Contrary to the old childhood insult, it actually doesn’t take one to know one.


I have little regard for the number one, and it has always seemed that the feeling has been mutual. Evidence as early as my grade-school report cards points toward an attitudinal disorder between the two of us at the very least. “Capable of much more” and “Disappointing lack of effort” were recurring themes over the years, culminating in “We wish David luck in whatever he chooses to do,” after the first (and last) term of my junior year in high school. The lowest my handicap ever got to was five, which, despite the general oafishness I showed in math class, even I know is nowhere near the sacred “One.”

Even in the things at which I’m reportedly supposed to be good, I’ve always managed to evade the uncomfortable glare of the number-one spotlight. For example, I’ve never won an award for writing, or for anything I’ve done in television, either, and I sure as hell knew I could never be number one on the golf course. Any time I won a tournament, I always felt as if I hadn’t played that well, that it must have been due to a bizarre set of coincidences in which no one else had played worth a crap that week.

But there is one thing of which I know I am the leading proponent, numero uno, chief wizard, head honcho, at which no one else can beat me, and all that stuff. I know some of you are guessing at this point, and yes, my stentorious ability to flatulize at will is the stuff of legend, but no, that’s not it. I am number one at knowing who is, and what are, the number ones in their genres.
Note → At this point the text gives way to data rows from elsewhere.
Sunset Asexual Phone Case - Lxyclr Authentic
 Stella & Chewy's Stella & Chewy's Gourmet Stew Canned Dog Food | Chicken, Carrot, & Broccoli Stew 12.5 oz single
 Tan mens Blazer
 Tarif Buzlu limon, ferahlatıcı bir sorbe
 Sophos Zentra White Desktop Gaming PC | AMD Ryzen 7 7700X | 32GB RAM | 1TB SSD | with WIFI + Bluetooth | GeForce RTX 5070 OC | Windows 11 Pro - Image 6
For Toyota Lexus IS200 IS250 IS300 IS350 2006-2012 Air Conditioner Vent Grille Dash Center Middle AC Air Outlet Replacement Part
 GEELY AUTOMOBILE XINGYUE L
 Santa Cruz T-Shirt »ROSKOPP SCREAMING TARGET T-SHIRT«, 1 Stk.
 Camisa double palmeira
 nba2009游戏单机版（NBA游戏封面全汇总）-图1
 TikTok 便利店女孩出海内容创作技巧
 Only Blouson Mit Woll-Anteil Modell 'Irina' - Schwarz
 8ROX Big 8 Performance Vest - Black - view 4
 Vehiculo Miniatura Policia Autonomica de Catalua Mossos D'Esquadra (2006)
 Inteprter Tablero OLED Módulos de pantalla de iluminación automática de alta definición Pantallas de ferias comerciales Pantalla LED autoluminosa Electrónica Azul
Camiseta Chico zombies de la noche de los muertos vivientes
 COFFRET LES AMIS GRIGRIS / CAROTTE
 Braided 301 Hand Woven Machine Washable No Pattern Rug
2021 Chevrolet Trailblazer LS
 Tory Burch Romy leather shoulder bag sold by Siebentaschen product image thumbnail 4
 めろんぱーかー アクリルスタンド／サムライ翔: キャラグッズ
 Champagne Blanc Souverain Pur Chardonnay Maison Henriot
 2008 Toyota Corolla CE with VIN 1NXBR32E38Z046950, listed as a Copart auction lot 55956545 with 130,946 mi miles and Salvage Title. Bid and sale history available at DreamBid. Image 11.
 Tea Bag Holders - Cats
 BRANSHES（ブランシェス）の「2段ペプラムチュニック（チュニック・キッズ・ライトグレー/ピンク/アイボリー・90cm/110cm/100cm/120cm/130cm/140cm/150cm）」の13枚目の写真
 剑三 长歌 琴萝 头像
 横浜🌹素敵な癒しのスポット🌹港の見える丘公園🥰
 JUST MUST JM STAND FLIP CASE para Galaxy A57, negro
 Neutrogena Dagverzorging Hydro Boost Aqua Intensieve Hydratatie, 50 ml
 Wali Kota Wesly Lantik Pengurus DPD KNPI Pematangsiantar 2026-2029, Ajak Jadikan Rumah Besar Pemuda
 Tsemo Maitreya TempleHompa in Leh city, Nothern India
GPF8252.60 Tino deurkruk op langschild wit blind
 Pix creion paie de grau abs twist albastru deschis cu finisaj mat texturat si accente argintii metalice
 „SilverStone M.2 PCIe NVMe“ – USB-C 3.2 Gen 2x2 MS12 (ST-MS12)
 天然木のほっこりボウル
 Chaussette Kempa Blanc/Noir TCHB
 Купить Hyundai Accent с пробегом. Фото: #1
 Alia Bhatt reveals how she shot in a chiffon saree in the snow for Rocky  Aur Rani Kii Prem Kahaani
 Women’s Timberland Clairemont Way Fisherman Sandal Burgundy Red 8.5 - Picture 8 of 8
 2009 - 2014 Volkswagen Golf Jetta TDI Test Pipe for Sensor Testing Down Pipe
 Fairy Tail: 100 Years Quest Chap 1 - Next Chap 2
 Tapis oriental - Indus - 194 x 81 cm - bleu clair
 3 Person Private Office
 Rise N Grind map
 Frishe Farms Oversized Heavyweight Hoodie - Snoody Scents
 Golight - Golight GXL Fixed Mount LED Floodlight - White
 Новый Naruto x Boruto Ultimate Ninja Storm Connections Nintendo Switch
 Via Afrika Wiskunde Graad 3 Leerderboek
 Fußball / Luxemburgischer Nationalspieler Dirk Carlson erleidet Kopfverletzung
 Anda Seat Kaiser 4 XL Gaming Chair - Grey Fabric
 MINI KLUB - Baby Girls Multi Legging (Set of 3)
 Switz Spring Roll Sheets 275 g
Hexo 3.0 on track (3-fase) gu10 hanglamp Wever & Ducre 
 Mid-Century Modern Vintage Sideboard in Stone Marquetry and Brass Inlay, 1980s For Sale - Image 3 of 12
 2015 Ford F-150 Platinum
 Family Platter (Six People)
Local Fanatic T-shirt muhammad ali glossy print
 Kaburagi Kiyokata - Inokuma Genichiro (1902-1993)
For instance, Tchaikovsky’s first piano concerto is the best that he wrote, and Saint-Saëns’s fourth his, but for me, Chopin’s first and Rachmaninov’s third will always be in a rapturous tie for the top spot. Joseph Haydn wrote more than 105 symphonies, most of which are utter crap, and Antonin Dvorak completed only one cello concerto, which wins that category handily. I know it doesn’t seem fair, but that’s how life is. Charlie Parker was a heroin addict who, while chasing the dragon, abusing Benzedrine, and hustling his friends for money, found time to study Bach and Stravinsky, and service about four different females a day, yet his sweetness of tone and sense of timing was enough to make Dizzy Gillespie fall on his ass. And speaking of drug addicts, pretty much every classical writer and poet I was forced to read in school falls into that category, from Willie the Shake to Robert the Marley, to Percy Bysshe Shelley and the fat guy, Chris Farley. I love poetry, but apparently it hates me…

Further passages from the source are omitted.